Sen. Rick Scott (R-Fla.), the chairman of the National Republican Senatorial Committee (NRSC), urged the GOP in a Feb. 23 memo to end an escalating intra-party dispute and focus on defeating the Democrats in future elections.
“This does not need to be true, should not be true, and will not be true. Those fanning these flames, in both the media and our own ranks, desire a GOP civil war.
“The Republican Civil War is now cancelled,” he wrote.
Scott noted that he’s in favor of debate and disagreements within the party, but warned that the Democrats’ control of Washington is posing an imminent threat to the rights and freedoms secured by the Constitution.
“Perhaps in more genteel times, a bunch of infighting and arguing wouldn’t do much damage. Truthfully, I enjoy bantering back and forth, and I have no interest in trying to quell intraparty policy dialogue and debates,” the memo states.
“But now is not the time for division and here’s why: For the first time in any of our lives, socialism has become the unabashed, governing policy of the Democrat Party. The Democrats are fast abandoning any pretense of allegiance to the First and Second Amendments to our Constitution, they’ll give up on the rest of it in due time.”
Inklings of the “civil war” have already played out in the aftermath of the impeachment trial. Rep. Matt Gaetz (R-Fla.) traveled to Wyoming to host a rally against Rep. Liz Cheney (R-Wyo.), one of the 10 House Republicans who voted to impeach Trump. The former president’s son, Donald Trump Jr., called in to the rally to rev up support for an eventual primary challenger.

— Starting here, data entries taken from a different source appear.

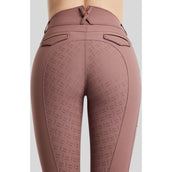 Montar Pantalon d'Équitation MoGlenda Full Grip Dusty Rose Montar Pantalon d'Équitation MoGlenda Full Grip Dusty Rose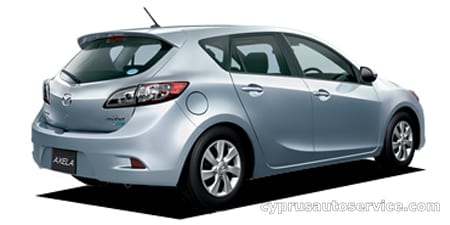 MAZDA AXELA SPORT 15C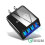 Σταθμός φόρτισης USB 4 θυρών (4.4A/22W), τροφοδοτικό ταξιδιού συμβατό με iPhone13/12/11/XR/SE/8 4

Scott warned that engaging in internal squabbles is no way to confront the Democrats.
“This is real life folks. If they can cancel the President of the United States, they will have no problem cancelling you and me. Today’s Democrats do not want to simply ‘cancel’ us, they want to destroy anyone who disagrees with them,” Scott wrote.
“To beat this threat—the threat of socialism, crushing debt, loss of freedom—we must focus on addition, not subtraction; on looking forward, not backward.”